The Vermont Non-GMO Cookbook
125 Organic and Farm-to-Fork Recipes from the Green Mountain State
Author: Tracey Medeiros
In a way, the clunky title of this book hides its true loveliness. The recipes are lovely, fresh and very much a celebration of what grows in Vermont, and the hardworking and committed farmers who deliver earthy, healthy and heritage food to our tables. In addition to being a comforting cookbook full of new ways to treat traditional foods, it’s a great travel guide for anyone who plans to spend time in Vermont looking for great places to eat and shop!
Home Sausage Making
From Fresh and Cooked to Smoked, Dried, and Cured
Author: Charles G. Reavis & Evelyn Battaglia with Mary Reilly
If you want to know the difference between salumi versus salami, brand your own mortadella, loukanico or kielbasa, or even make a vegetarian sausage out of black beans and smoked corn, here’s your local guide. Now in its fourth printing, this book is the DIY charcuterie crowd’s local bible and somehow it convinced me that I just might want to try my hand (and my grinder) at making a killer kishke.

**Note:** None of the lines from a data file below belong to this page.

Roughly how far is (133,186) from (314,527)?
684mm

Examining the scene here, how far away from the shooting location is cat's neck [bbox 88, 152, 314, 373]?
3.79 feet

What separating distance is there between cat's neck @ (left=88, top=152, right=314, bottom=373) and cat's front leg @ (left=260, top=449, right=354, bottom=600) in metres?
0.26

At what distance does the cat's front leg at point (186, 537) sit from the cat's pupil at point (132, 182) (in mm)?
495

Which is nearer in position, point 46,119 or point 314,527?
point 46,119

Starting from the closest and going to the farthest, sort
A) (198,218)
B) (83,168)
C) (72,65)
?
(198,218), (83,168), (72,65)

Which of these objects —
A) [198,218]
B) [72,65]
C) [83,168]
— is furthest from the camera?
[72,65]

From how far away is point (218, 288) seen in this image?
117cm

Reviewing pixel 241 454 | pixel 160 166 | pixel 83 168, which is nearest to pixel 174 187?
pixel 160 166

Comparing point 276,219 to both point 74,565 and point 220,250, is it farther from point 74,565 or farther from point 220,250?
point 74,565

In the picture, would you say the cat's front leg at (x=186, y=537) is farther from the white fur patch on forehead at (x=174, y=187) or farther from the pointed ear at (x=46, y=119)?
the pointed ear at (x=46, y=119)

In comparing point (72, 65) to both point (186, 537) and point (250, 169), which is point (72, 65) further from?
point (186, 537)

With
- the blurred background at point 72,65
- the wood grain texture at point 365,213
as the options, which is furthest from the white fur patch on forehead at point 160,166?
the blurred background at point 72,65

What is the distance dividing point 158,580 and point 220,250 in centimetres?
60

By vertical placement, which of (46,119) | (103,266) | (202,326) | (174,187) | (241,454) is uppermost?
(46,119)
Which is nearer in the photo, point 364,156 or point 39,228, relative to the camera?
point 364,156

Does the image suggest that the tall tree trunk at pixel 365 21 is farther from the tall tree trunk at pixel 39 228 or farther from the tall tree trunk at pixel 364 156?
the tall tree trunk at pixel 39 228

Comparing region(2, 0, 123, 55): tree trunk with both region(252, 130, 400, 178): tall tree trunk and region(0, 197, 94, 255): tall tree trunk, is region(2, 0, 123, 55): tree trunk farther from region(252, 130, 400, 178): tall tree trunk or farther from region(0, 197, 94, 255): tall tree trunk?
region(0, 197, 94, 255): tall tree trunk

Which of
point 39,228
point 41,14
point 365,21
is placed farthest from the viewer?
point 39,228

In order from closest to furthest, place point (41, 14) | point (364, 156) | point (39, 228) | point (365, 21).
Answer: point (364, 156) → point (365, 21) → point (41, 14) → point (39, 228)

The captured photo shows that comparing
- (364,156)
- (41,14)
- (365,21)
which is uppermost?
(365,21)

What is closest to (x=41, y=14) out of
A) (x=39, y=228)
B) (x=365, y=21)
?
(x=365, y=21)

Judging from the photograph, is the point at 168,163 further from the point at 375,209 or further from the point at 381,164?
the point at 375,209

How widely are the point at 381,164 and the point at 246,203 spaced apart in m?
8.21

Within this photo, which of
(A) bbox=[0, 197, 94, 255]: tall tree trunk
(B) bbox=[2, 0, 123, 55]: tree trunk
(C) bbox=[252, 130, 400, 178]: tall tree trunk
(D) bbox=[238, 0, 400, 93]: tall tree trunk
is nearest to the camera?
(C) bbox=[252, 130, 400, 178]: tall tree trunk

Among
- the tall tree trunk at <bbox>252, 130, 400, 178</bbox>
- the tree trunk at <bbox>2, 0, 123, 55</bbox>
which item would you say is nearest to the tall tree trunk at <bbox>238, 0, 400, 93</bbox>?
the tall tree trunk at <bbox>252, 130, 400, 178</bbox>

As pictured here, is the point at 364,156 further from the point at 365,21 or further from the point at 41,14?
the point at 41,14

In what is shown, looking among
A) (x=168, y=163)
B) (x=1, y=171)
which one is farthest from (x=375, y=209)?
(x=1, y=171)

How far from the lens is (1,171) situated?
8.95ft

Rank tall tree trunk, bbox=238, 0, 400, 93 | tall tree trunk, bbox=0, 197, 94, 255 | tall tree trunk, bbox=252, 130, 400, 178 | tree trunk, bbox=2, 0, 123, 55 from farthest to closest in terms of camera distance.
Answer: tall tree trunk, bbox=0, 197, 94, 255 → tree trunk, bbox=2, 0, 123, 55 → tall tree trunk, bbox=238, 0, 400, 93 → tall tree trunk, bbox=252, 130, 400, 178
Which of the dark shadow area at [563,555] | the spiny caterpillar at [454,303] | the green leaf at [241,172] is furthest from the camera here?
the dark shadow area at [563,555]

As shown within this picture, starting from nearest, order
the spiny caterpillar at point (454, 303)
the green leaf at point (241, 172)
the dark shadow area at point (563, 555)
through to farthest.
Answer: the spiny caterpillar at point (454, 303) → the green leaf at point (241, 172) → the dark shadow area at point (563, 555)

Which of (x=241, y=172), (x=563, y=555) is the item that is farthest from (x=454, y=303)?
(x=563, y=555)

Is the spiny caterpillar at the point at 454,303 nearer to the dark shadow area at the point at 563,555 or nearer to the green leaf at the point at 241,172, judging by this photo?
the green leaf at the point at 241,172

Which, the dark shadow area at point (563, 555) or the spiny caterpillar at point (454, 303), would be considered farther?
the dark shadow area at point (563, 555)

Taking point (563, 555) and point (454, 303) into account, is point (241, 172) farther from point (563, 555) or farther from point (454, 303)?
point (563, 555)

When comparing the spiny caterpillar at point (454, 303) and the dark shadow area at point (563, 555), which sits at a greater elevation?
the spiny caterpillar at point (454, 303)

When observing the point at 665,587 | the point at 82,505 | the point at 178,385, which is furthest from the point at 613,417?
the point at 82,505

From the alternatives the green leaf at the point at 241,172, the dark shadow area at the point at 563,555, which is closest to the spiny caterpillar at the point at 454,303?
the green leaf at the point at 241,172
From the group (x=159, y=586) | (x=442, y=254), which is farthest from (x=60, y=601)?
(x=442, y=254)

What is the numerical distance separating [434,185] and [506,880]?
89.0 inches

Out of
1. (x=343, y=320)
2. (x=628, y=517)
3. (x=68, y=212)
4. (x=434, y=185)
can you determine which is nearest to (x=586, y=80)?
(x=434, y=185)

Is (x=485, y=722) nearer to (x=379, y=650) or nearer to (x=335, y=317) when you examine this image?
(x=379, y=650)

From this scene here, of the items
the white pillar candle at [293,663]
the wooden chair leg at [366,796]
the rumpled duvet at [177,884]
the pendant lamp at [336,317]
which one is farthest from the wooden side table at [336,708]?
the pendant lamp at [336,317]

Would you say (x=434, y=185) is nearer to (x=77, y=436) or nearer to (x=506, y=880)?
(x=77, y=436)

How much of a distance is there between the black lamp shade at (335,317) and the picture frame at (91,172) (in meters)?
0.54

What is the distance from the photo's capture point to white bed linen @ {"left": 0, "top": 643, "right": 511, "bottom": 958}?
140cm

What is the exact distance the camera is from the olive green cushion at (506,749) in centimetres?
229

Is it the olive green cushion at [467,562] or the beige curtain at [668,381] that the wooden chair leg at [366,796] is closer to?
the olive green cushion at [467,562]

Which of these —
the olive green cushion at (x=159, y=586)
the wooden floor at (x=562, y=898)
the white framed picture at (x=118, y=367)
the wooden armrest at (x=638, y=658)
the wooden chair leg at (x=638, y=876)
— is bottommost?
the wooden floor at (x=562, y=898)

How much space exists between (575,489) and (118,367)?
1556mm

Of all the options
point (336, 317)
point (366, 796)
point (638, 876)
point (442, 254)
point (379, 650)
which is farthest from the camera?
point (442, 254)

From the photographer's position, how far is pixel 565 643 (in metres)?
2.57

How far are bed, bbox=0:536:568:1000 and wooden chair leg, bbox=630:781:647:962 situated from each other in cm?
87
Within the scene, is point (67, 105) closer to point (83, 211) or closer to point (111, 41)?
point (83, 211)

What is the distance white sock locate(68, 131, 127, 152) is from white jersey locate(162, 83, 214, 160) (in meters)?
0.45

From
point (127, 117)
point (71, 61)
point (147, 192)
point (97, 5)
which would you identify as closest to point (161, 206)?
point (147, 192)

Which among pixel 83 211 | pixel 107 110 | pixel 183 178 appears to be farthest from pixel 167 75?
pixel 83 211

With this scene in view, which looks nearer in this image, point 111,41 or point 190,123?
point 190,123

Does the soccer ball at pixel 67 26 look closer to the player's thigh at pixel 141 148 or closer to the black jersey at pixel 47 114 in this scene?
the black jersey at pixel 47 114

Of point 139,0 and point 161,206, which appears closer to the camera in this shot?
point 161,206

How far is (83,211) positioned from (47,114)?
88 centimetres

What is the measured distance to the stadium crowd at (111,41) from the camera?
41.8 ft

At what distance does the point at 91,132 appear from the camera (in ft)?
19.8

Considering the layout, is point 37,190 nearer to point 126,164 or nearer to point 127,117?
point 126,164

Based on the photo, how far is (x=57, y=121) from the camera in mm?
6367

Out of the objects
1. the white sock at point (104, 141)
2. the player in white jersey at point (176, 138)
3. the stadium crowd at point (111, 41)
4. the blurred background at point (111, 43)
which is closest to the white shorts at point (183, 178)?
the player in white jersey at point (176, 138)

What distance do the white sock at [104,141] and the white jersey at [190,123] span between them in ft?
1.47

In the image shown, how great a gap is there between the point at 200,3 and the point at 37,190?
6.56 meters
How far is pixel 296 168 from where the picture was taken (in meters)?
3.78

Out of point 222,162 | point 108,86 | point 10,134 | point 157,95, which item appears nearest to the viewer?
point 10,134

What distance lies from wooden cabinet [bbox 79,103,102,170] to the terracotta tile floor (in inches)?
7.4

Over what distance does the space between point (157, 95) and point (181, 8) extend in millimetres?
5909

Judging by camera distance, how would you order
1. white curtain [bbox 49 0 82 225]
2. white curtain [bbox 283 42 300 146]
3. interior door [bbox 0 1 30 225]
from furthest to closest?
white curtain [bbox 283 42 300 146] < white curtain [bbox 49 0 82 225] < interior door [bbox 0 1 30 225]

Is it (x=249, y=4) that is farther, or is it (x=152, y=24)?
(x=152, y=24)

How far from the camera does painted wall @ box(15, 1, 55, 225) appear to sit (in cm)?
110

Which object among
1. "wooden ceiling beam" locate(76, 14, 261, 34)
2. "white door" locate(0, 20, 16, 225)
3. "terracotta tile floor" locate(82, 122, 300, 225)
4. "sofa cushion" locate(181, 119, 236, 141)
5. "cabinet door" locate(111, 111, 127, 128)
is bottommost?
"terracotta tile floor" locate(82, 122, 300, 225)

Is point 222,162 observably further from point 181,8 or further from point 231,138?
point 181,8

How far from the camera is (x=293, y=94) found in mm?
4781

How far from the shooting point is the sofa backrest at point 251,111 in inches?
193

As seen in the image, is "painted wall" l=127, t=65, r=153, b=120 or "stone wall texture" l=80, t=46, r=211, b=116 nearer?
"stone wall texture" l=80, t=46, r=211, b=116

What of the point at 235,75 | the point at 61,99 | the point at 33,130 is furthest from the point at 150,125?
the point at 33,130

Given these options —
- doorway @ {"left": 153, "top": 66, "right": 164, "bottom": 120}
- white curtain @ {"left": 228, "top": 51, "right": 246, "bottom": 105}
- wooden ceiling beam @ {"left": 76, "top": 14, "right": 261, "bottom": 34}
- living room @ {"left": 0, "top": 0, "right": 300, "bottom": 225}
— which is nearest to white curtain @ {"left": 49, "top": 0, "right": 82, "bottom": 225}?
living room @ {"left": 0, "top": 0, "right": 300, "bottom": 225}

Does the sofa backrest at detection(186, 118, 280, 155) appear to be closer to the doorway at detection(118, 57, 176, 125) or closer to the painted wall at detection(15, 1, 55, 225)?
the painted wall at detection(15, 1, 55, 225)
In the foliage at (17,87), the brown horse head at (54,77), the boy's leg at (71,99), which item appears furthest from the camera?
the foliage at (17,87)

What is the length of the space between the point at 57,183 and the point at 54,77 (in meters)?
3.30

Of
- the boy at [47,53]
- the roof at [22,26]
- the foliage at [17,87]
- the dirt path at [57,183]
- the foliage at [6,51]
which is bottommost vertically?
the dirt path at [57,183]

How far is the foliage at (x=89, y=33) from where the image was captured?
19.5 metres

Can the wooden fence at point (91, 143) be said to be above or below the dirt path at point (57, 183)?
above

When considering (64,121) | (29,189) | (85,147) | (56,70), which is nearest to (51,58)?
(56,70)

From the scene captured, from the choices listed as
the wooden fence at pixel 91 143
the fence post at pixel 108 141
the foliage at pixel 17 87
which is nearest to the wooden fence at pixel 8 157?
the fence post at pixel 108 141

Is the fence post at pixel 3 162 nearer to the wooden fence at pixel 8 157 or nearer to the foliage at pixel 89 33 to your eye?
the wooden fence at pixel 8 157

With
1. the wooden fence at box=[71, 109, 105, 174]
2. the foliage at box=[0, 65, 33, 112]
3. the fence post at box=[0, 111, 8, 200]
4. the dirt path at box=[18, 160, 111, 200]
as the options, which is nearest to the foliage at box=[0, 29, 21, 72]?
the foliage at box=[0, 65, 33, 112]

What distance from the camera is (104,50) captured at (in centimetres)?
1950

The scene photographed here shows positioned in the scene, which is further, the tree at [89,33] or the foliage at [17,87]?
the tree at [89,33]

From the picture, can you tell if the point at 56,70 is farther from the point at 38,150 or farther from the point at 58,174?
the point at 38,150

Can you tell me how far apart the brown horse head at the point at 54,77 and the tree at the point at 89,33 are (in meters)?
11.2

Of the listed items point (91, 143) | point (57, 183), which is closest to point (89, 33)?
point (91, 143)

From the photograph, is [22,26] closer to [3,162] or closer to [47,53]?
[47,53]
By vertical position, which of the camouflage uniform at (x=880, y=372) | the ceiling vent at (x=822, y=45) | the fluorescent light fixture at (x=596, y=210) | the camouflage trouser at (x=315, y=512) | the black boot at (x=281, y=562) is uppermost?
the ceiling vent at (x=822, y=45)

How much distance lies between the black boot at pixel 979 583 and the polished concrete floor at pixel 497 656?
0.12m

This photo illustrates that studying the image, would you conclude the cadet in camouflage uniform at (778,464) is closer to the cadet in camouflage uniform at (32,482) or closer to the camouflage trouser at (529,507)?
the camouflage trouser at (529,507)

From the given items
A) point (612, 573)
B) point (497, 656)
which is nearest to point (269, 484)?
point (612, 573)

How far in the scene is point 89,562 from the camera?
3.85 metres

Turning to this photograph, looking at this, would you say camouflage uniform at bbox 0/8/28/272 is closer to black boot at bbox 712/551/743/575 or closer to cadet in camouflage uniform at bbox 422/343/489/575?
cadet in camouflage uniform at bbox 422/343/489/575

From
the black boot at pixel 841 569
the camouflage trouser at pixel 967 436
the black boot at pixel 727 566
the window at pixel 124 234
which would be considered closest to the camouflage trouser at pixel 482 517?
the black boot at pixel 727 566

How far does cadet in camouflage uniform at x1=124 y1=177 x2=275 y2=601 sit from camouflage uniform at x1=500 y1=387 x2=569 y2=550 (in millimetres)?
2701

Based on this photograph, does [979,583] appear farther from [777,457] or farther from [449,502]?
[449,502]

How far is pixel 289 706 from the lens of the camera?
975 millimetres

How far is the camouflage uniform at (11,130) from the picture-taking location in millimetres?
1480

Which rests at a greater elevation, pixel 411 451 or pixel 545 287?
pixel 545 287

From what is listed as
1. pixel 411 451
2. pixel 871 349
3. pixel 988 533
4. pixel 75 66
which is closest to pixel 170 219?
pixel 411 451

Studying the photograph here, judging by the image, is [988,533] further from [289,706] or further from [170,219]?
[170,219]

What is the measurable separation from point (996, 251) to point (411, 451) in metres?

Kombucha, Kefir, and Beyond
A Fun & Flavorful Guide to Fermenting Your Own Probiotic Beverages at Home
Author: Alex Lewin & Raquel Guajardo
FAIR WINDS, HACHETTE PRESS
A DIY manual for would-be home fermenters—those of us who love the idea of making vinegar, kombucha and jun, fruit cider, kefir, yogurt and mango lassi. Not to mention ginger beer, mead, beet kvass and pickle brine. We’re already on the probiotic train and this is our new, information-packed, beautifully photographed and easy-to-use bible.
Myers & Chang at Home
Yum Me Yum You Recipes from the Beloved Boston Eatery
Author: Joanne Chang with Karen Akunowicz
Images: Kristin Teig
HOUGHTON MIFFLIN HARCOURT
We’ve all been patiently waiting for this book to come out. Tapping our toes with anticipation and mouths watering. We are not disappointed. The very first Myers & Chang cookbook
is delicious––and addictive. If you didn’t have a mother like Chang’s who could coach you through Asian pantry and palate, thank the gods that Akunowicz and Chang are stepping into your home kitchen. As I write this, I smell the Garlicky Spicy Coal Black Chicken Wings baking in my oven.
Against All Hops
Techniques and Philosophy for Creating Extraordinary Botanical Beers
Author: Butch Heilshorn, Co-Founder of Earth Eagle Brewings
PAGE STREET PRESS A fascinating guide to a very new and antique adventure in brewing
Against All Hops is a study in how to brew beers and ales using herbs rather than hops to better preserve and flavor. The ancient name for hop-less ale is “gruit,” which sounds wonderfully medieval. If that fascinates or sends you to Wikipedia (or even “Game of Thrones”), there is great appeal in this book. The author tells you how to brew using such novel ingredients as Chinese rock sugar, pine twine and needles, Queen Anne’s lace and rose hips. The clear, confident technique and recipes make it all seem possible even for a first-time home brewer.
LOUISA KASDON, journalist and advocate, is the founder of Let’s Talk About Food, an organization that engages the community and the public together around issues in our food system. Kasdon has written over 500 published articles about food, restaurants, health and business.